If a picture is worth a thousand words, a map is worth a million. Recently released research on transit patterns in Nairobi puts the power of a map in the hands of the people and urban planners. Using data they collected, the Digital Matatus project, a collaboration between students and professors at Columbia, MIT, the University of Nairobi and design firm Groupshot, published a map showing graphically for the first time the routes and stops of Nairobi’s informal matatu minibus system. The map not only illuminates the complex and oftentimes confusing system that moves nearly a million people every day, but provides a basis for the future of transportation planning in Kenya’s capital.

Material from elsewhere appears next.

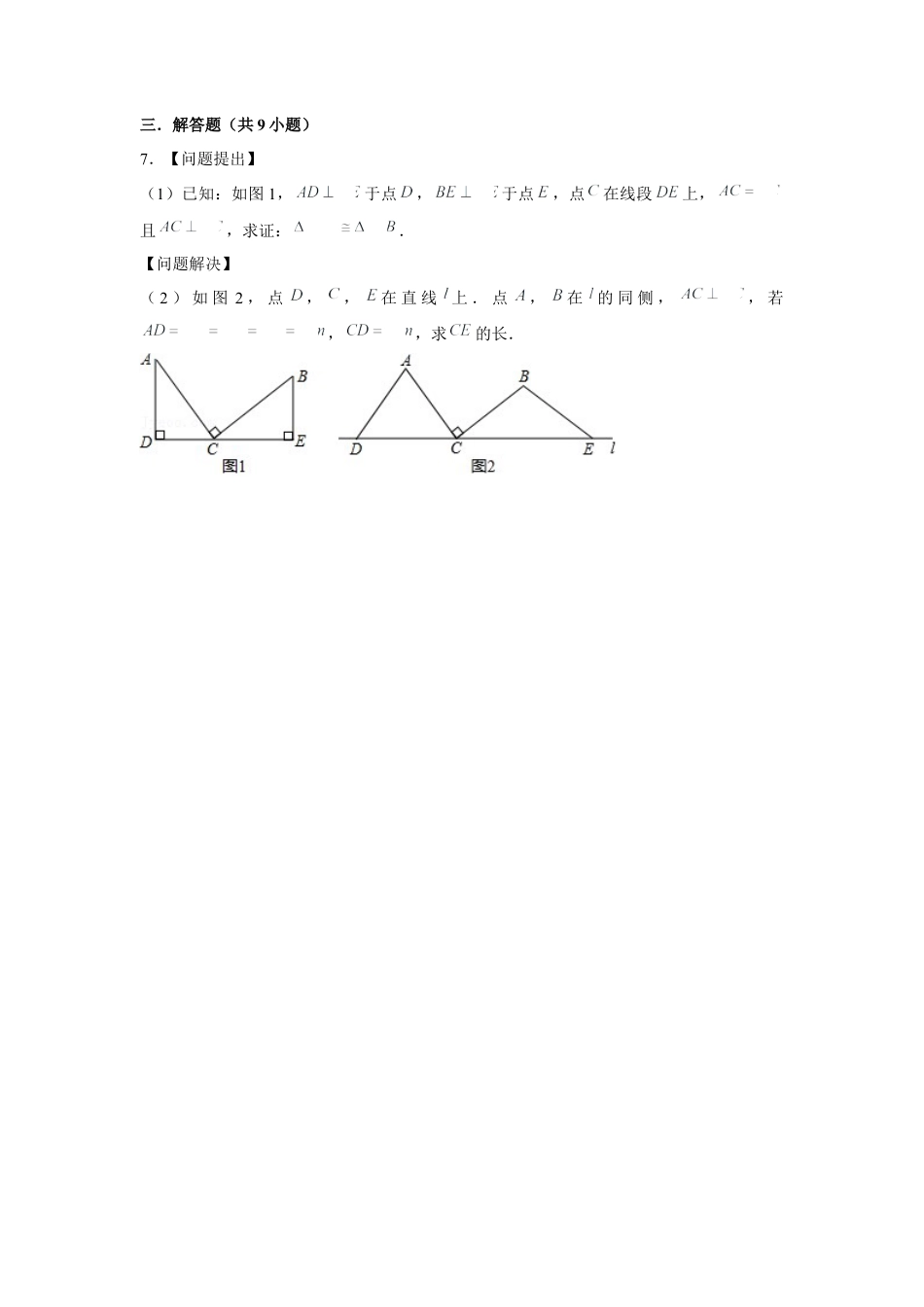 北师大版（2025）七年级数学下册-专题4.5 一线三垂直模型（原卷版）.docx_第3页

Immediately, this new data is proving useful and important, as ITDP incorporates the information into models and recommendations for Nairobi’s first ever BRT corridor.
The new map provides important insight into transit patterns of Nairobi’s travelers. With a clearer view of the system’s routes and transfer locations, matatu riders can find easier paths to their destinations. While the map is most well-known in planning circles for providing useful information to the general public, its underlying data is proving equally useful to planners and local government officials in understanding current travel patterns and enhancing their ability to plan for the future.
Critically, the researchers entered the data into the open format General Transit Feed Specification (GTFS), a common format for public transportation schedules that allows the data to be used for travel apps and system modeling. Along with exciting projects in Dkaha, Manila and Mexico City, the Nairobi project is one of the first to bring informal transit into GTFS, allowing more dynamic trip planning for users and advanced network analysis for planners.
ITDP, in a partnership with the Kenya National Highways Authority (KeNHA) and UN-Habitat, is the first to make use of the wealth of data available, building off the dataset to develop plans and recommendations for the upcoming BRT along the Uhuru Highway. “It has been a tremendously useful tool,” said ITDP Africa Program Associate, Chris Van Eyken. “The data allowed us to build a model of transit ridership along key routes, giving ITDP and our partners the information to create a robust series of plans and recommendations for the Uhuru Highway BRT.”
Despite their importance to Nairobi’s public transportation network, matatu buses, stuck in traffic congestion and often poorly maintained, are insufficient to meet Nairobi’s growing transit needs. The planned BRT will increase mobility, provide an alternative to driving, and expand options for movement across the city. ITDP Africa will release a complete transit model in spring 2014, thanks in part to Digital Matatus, demonstrating the ways in which BRT will fit into and improve the transportation network in Nairobi.